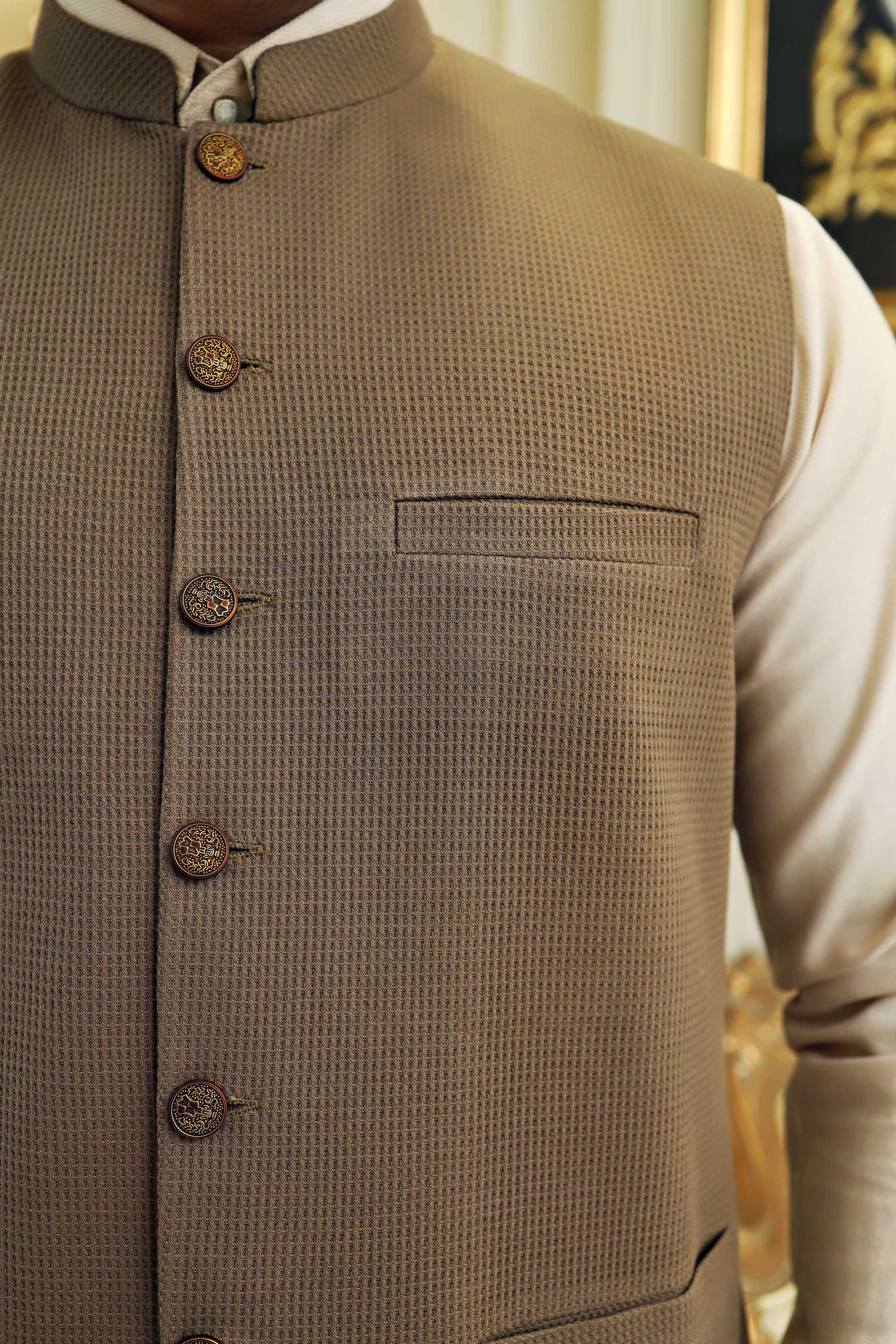 Premium Camel waistcoat Knit Fabric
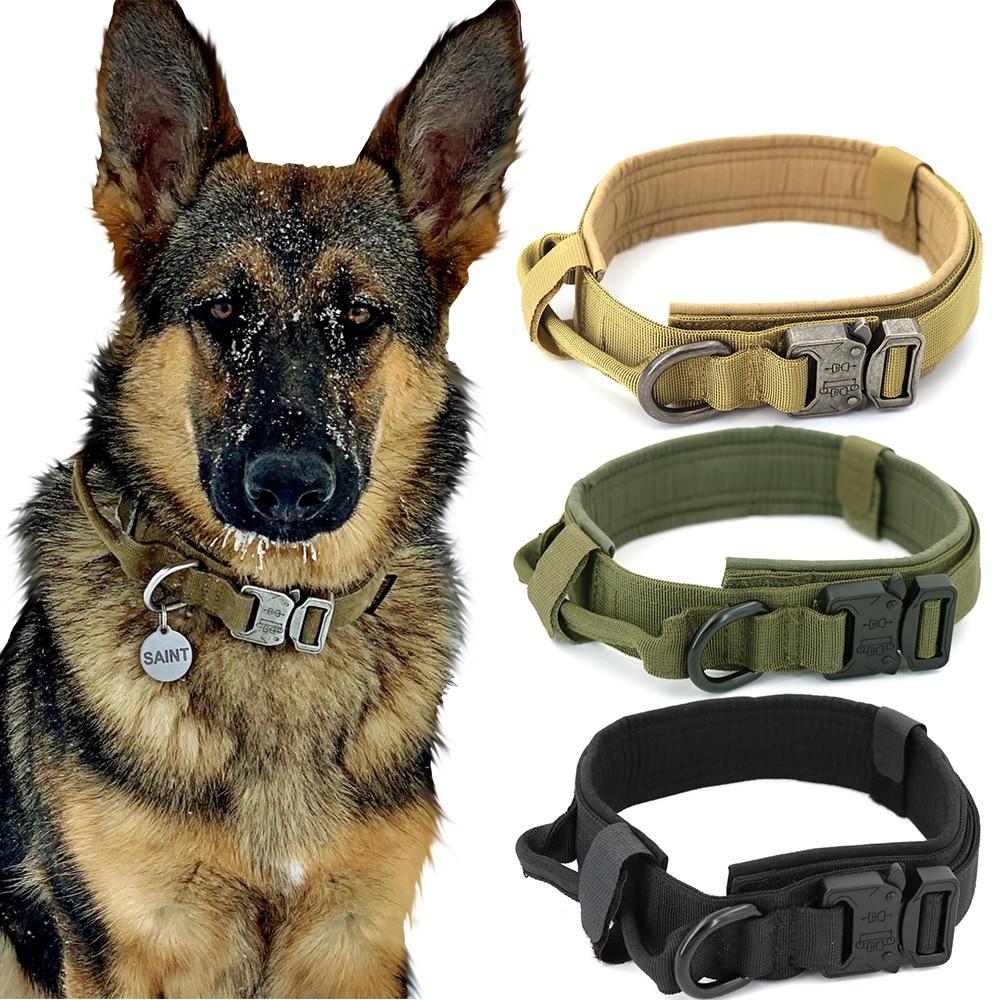 Adjustable Military Tactical Dog Collars With Handle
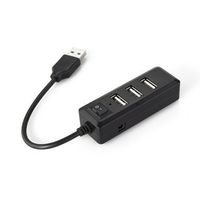 SODIAL(R) USB 2.0 4 Ports High Super Speed Hub On Off Switch LED for PC Laptop Black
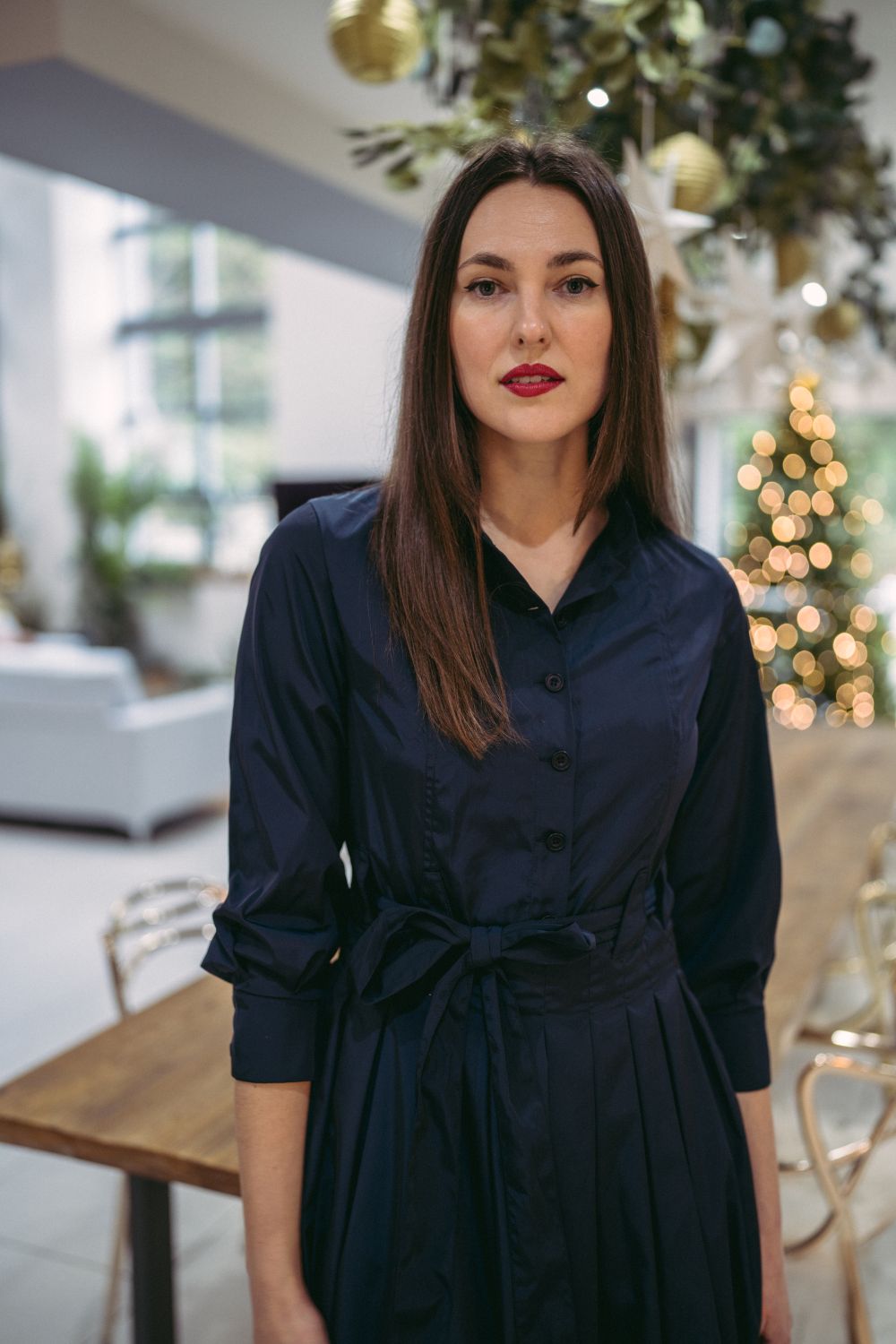 Marina Dress Long Pleated Shirt Dress in Navy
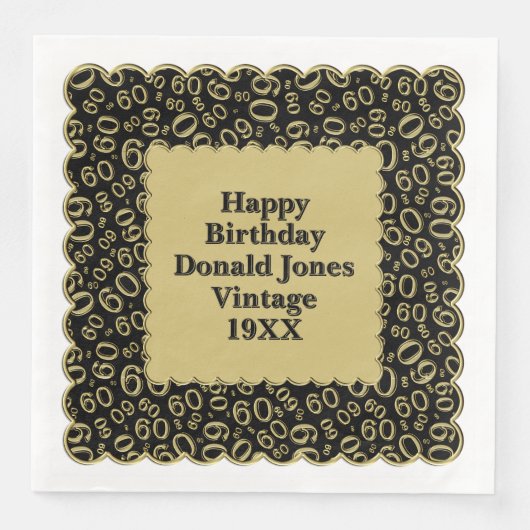 60e verjaardag nummer patroon Scallops zwart goud Servet (Voorkant)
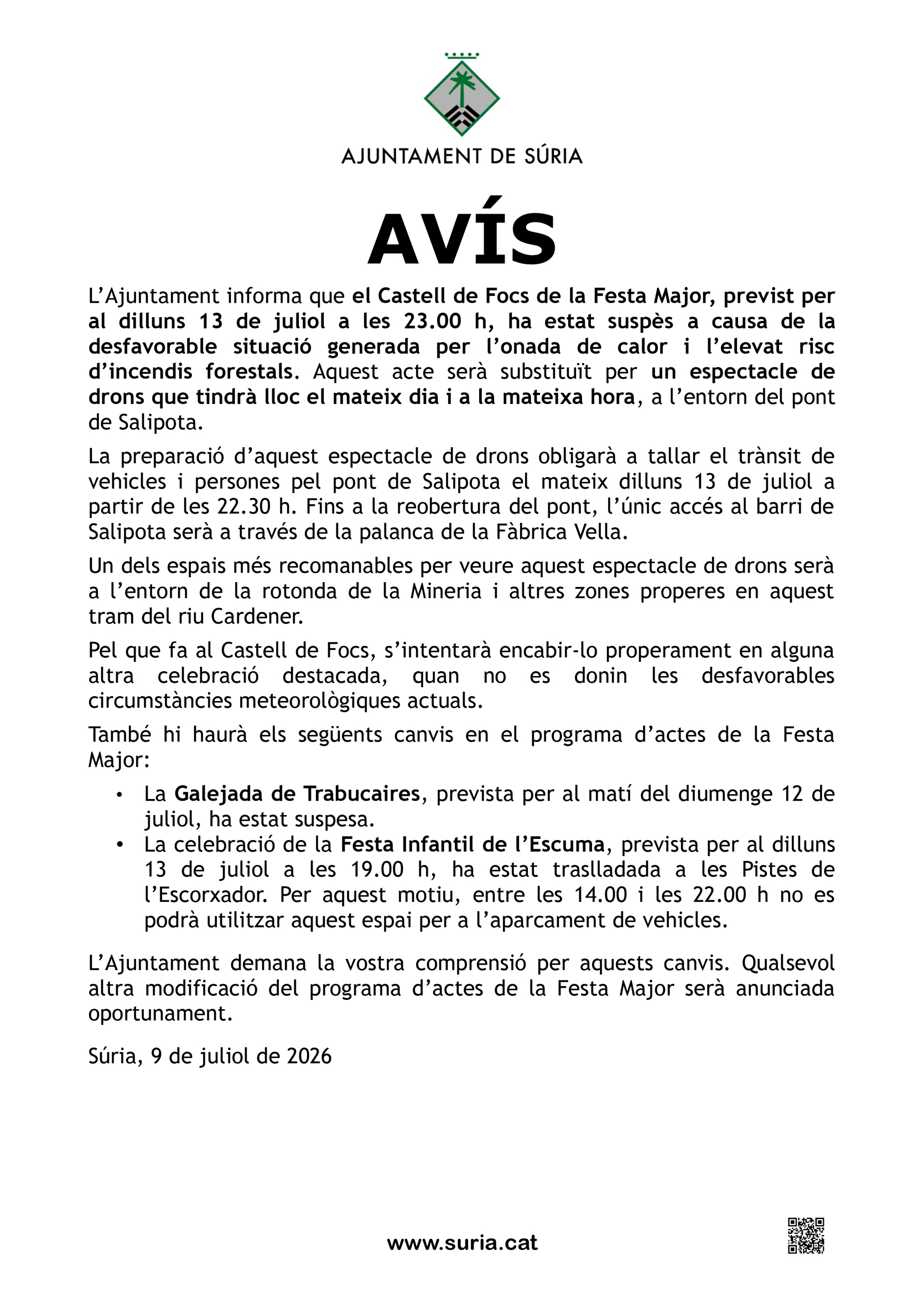 Av&iacute;s sobre el Castell de Focs i altres actes de la Festa Major - Dijous 9 de juliol.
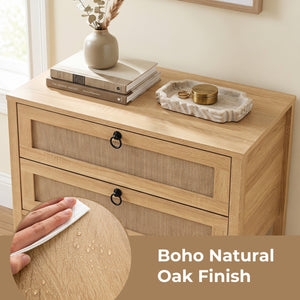 Boho Rattan Nightstand with 2 Drawers and Bottom Open Shelf-Natural view 7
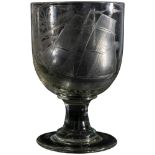 A RUMMER DATED 1854 Engraved with twim masted ship, entitled 'JANE' and with dedictaion 'E Wilby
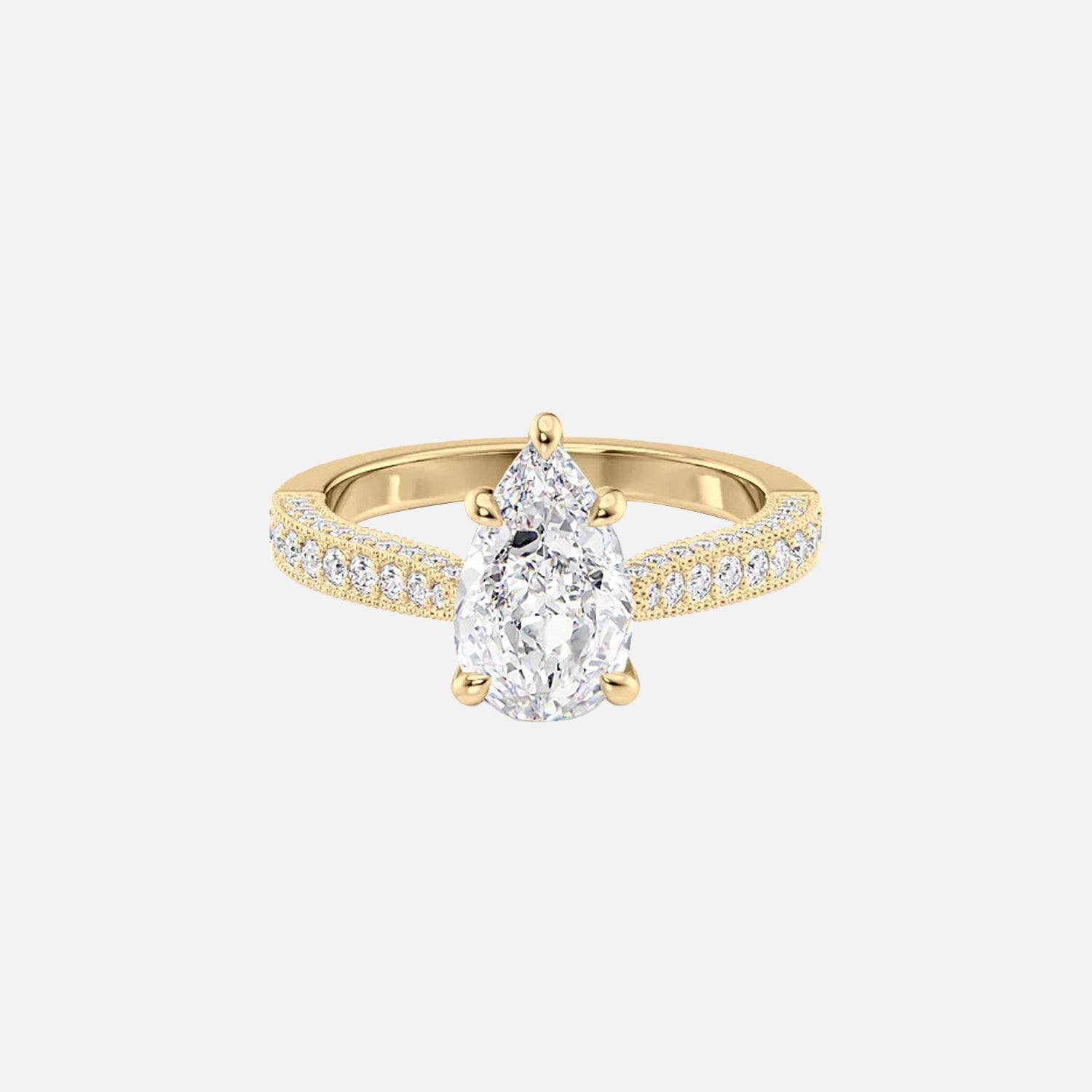 The Catherine Pear Lab Diamond Ring 14k Yellow Gold 001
★ ★ ★ ★
→ Aim of the exercise: Would you copy the lines from the one holding "Adjustable Military Tactical" down to the last line of the material, both included, exactly and with nothing added, skipping the pictures?

→ Exercise answer:
 Adjustable Military Tactical Dog Collars With Handle
 SODIAL(R) USB 2.0 4 Ports High Super Speed Hub On Off Switch LED for PC Laptop Black
 Marina Dress Long Pleated Shirt Dress in Navy
 60e verjaardag nummer patroon Scallops zwart goud Servet (Voorkant)
 Av&iacute;s sobre el Castell de Focs i altres actes de la Festa Major - Dijous 9 de juliol.
 Boho Rattan Nightstand with 2 Drawers and Bottom Open Shelf-Natural view 7
 A RUMMER DATED 1854 Engraved with twim masted ship, entitled 'JANE' and with dedictaion 'E Wilby
 The Catherine Pear Lab Diamond Ring 14k Yellow Gold 001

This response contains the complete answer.